• [STORED DATA]
^^^^^^^^^^^^^^^^

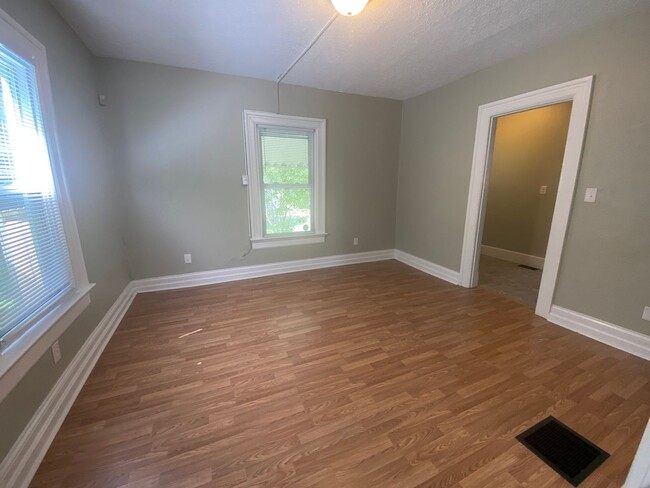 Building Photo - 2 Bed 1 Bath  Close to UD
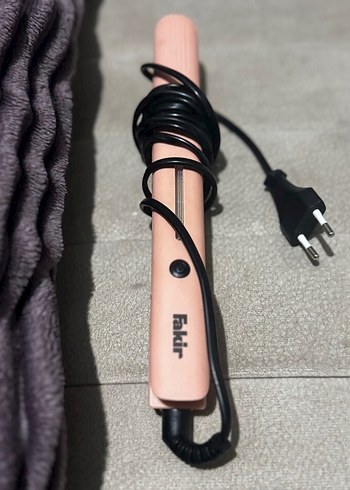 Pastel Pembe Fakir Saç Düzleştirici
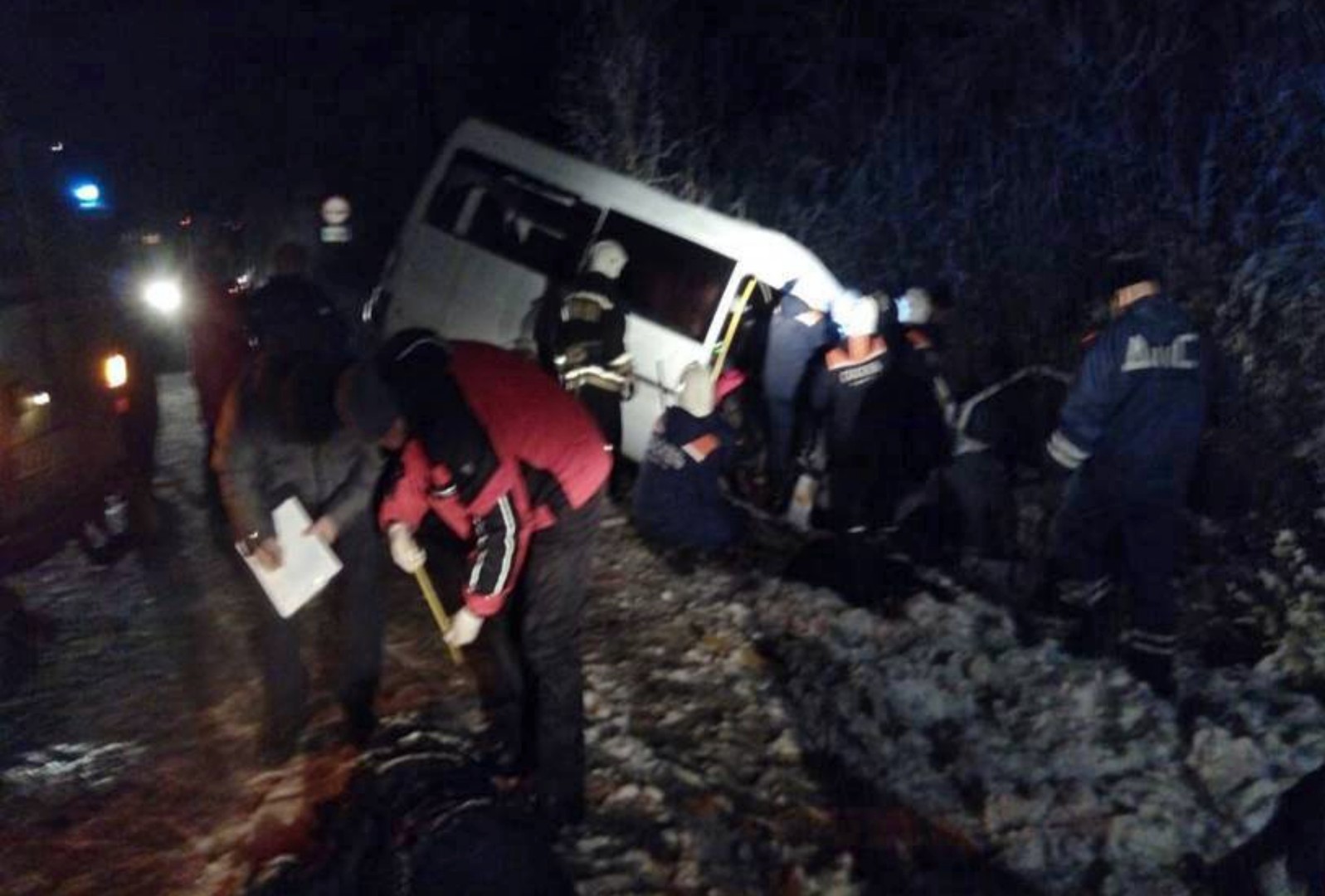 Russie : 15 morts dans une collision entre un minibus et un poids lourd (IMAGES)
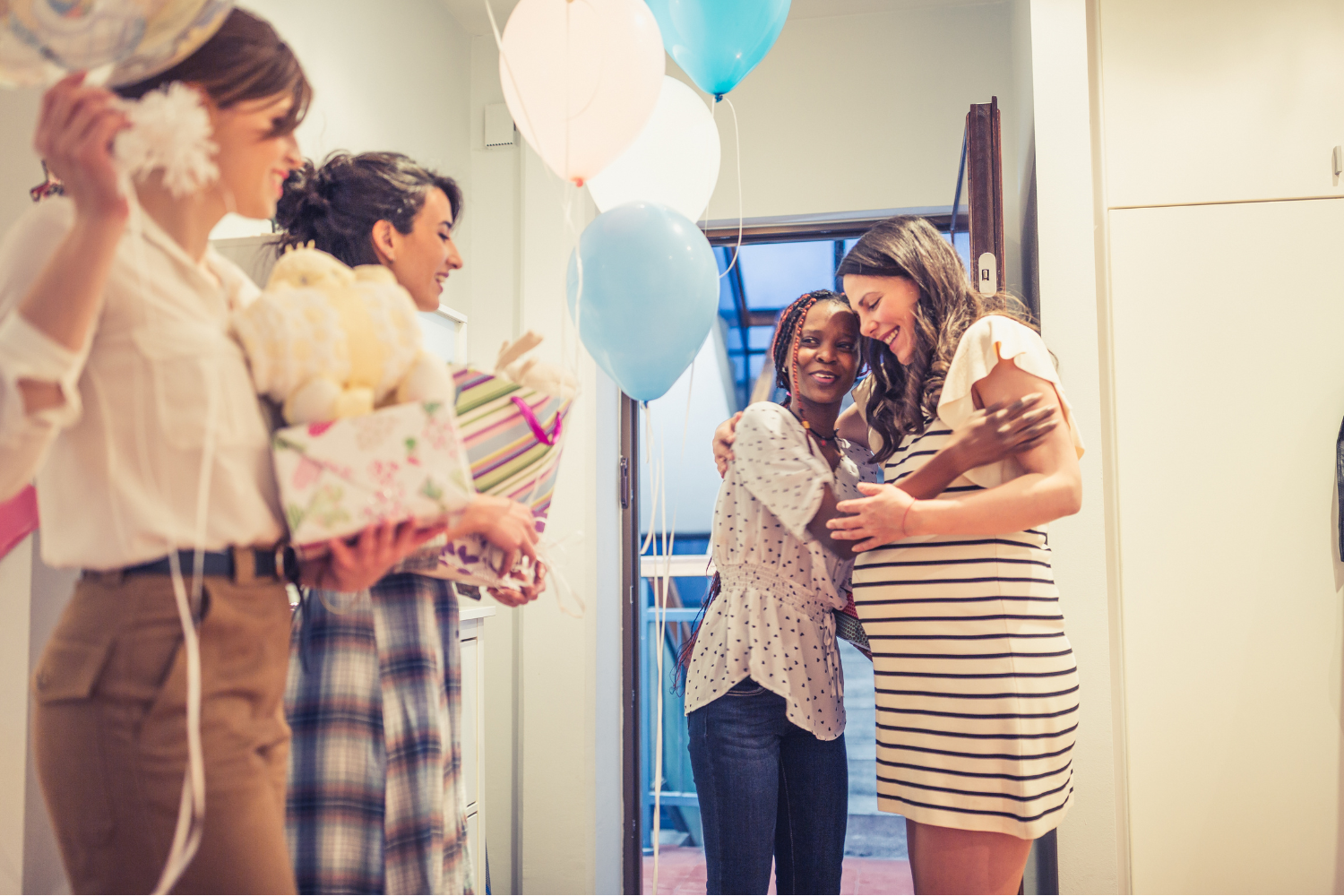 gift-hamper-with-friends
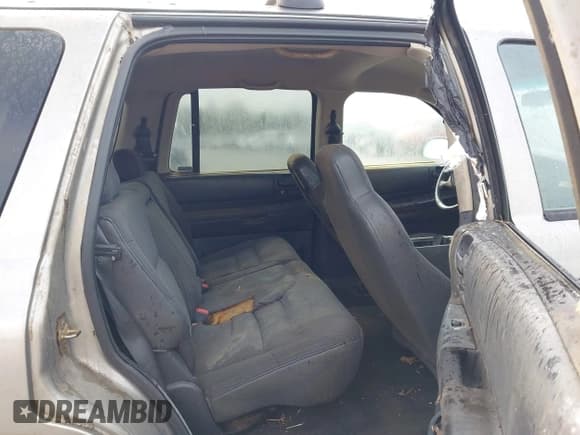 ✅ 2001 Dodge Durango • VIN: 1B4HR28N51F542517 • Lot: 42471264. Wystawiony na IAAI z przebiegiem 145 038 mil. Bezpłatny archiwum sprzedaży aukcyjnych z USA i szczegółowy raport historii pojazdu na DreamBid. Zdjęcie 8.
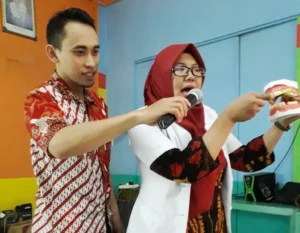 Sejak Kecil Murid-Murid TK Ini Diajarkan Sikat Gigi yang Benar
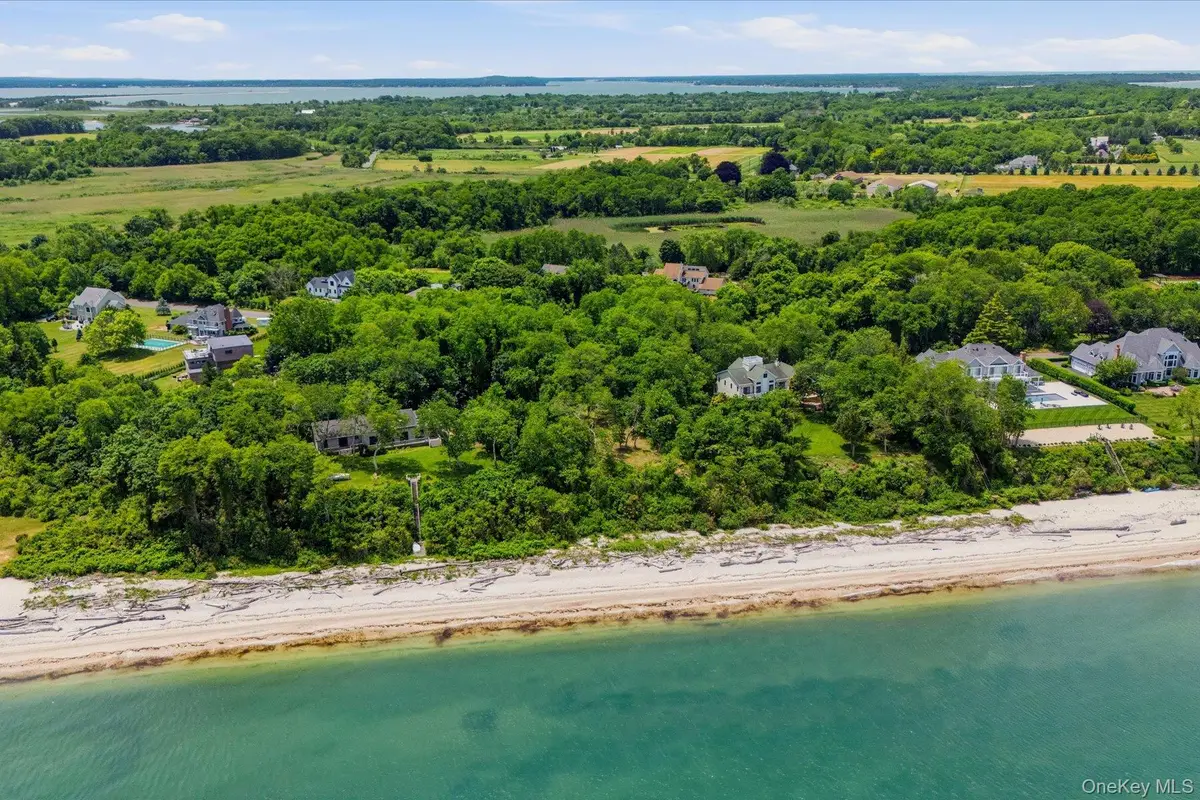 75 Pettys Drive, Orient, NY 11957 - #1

^^^^^^^^^^^^^^^^

• [DESCRIPTION OF THE TASK] Output exactly the span of lines from the top of the listing through the line holding "gift-hamper-with-friends", and leave every picture out.

• [OUTPUT BELOW]
 Building Photo - 2 Bed 1 Bath  Close to UD
 Pastel Pembe Fakir Saç Düzleştirici
 Russie : 15 morts dans une collision entre un minibus et un poids lourd (IMAGES)
 gift-hamper-with-friends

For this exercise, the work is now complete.